What is on the right of the pan, is that for stone storage?


----------



## Deckhand (Mar 29, 2012)

That is cool. Don't have a wood shop. Would definitely buy that. Was that from Jon?


----------



## steeley (Mar 29, 2012)

I think that could be storage or just a place to let your knifes hang out.
No not from Jon . and i don't think anybody sells them but it would be steady not to much splish splash from the pan.


----------



## Deckhand (Mar 29, 2012)

steeley said:


> I think that could be storage or just a place to let your knifes hang out.
> No not from Jon . and i don't think anybody sells them but it would be steady not to much splish splash from the pan.



Congratulations. Nice acquisition. If it ever has an available twin let me know:biggrin:


----------



## steeley (Mar 29, 2012)

Well i have to build one first.
the guy that made it is Santa Monica knife sharpening owner and is on his site he referred to Jon ,so a pretty nice guy.


----------



## steeley (Mar 29, 2012)

http://atomicmike.com/2011/09/honing-in/

and for the more advanced wood worker.




[/IMG]




[/IMG]


----------



## Deckhand (Mar 29, 2012)

steeley said:


> Well i have to build one first.
> the guy that made it is Santa Monica knife sharpening owner and is on his site he referred to Jon ,so a pretty nice guy.
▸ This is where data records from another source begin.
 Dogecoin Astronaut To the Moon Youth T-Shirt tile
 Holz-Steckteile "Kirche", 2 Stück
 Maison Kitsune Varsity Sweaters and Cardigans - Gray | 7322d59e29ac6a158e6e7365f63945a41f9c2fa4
Found the pic on the Magnus blog. It is a great design. Let me know if you build one. 
Seems like a nice guy, but does he talk to you the way Eamon does:biggrin:


----------



## Deckhand (Mar 29, 2012)

steeley said:


> http://atomicmike.com/2011/09/honing-in/
> 
> and for the more advanced wood worker.
> 
> ...



Not only an advanced wood worker, but Japanese taste. My family has original stone lanterns and dripping basins, even had a boar scarer set up for awhile. Have to love the bamboo for the faucet.


----------



## Schtoo (Mar 29, 2012)

Now why didn't I make one of them when I was on the tools?

Oh yeah, too busy trying to make money... 
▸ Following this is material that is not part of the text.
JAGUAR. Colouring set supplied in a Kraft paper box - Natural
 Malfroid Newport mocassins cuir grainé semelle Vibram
(And the rickety old sink with running water was perfectly adequate!)

I'm too far away and too busy with other stuff (trying to make money) to make anything like that, even the little one. Although it'd be easy to do a flatpack kit since it's just a simple box.
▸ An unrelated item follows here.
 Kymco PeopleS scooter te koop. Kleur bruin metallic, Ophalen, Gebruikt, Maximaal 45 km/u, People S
Who makes the chopping boards? Might be a handy little gadget to add to the product line up. 


Stu.


----------



## Mike Davis (Mar 29, 2012)

steeley said:


> I think this is very cool inset hotel pan and looks pretty easy to build.
> 
> stole this from a freehand sharpener in LA.
> 
> ...


Totally going to build one of these this weekend....But i think i will install a drain lol.


----------



## steeley (Mar 29, 2012)

A drain would be nice so don't have to lug around the hotel pan and maybe cut away on the side so you can take the pan out easier .


----------



## Eamon Burke (Mar 29, 2012)

Oh cool, a new project for me. I see it, now I need it!


----------